Mas, secretamente, ele tentava ser menos duro consigo mesmo. Nesses dias, se tornava mais prestativo, mais gentil e carinhoso. Segurava sua mão, a abraçava e liam juntos. Se permitia fazer até coisas que não gostava se fosse para fazer Ryota sorrir. E ela sempre soube que era um esforço da parte dele que jamais poderia retribuir, não por tanto tempo que foi egoísta em manter tudo para si mesma. 

A dor do luto de sua mãe — a maldição gerada pelo medo, culpa e memórias conturbadas foi o que a tornou quem era hoje. 

Se tudo fosse diferente… Se minha mãe não tivesse adoecido e tirado a própria vida…

E se Albert nunca tivesse parado de ir para Aurora? E se o vilarejo nunca tivesse sido destruído? E se Zero tivesse criado coragem para dizer como se sentia muito antes disso tudo acontecer? 

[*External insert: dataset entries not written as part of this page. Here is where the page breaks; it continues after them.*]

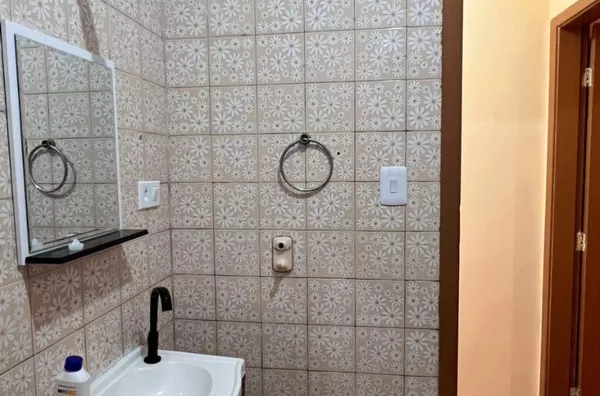 - casa terreo(a) para aluguel, 2 quarto(s), Cidade Sao Jorge, Santo Andre - Foto 24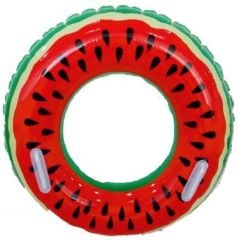 Tutunmalı Karpuz Simit 76 Cm Bermuda - 1710010
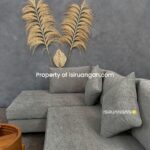 Sofa Bed Samona L Seater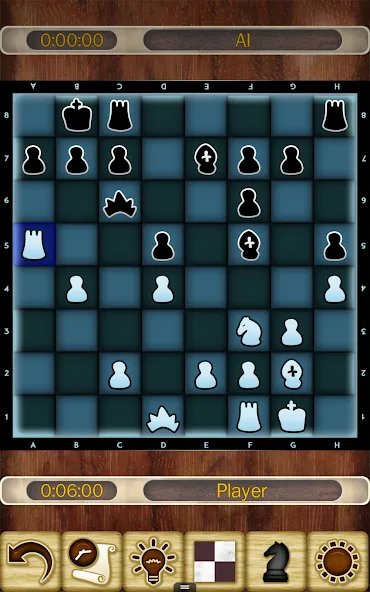 Chess 2  [МОД Бесконечные монеты] Screenshot 3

Você pode tornar isso real, Ryota… 

Não, isso não era realidade.

É fantasia. Outra mentira, mas a maior de todas que posso fazer para me proteger. 

Esquecer a verdade e viver no conforto da ignorância? Sim, era tentador. Não importa o quão hipócrita ou falso fosse, ainda teria a chance de estar presa dentro daquele calor de verão para todo o sempre.

… Não. Se fosse a “eu” antes dessas provações, provavelmente teria aceitado sem pensar duas vezes.

Ryota estava cansada de se esconder da própria mente e apenas assistir.

Esse passado… Esse mundo… Não existe mais. 

Ela se forçou a reconhecer isso. Não importa o quanto tente se convencer do contrário, Stella e Albert estavam mortos. E poderia perder as duas únicas pessoas que ainda sobraram desta felicidade caso os abandonasse à própria sorte.

Se eu perdi essa felicidade… Então, vou construir outra.

Ao lado de todos eles — de todos que se importam, e de que queria compartilhar daquele conforto, segurança e afeto.

Um novo lar… Uma nova Aurora. 

Quando a conclusão chegou à mente, Ryota sentiu o mundo desaparecer uma segunda vez. Mas, diferente da primeira, nasceu ali um verdadeiro sorriso de satisfação conforme seu peito se tornava leve como uma pena.

E, finalmente, Ryota aprendeu a superar.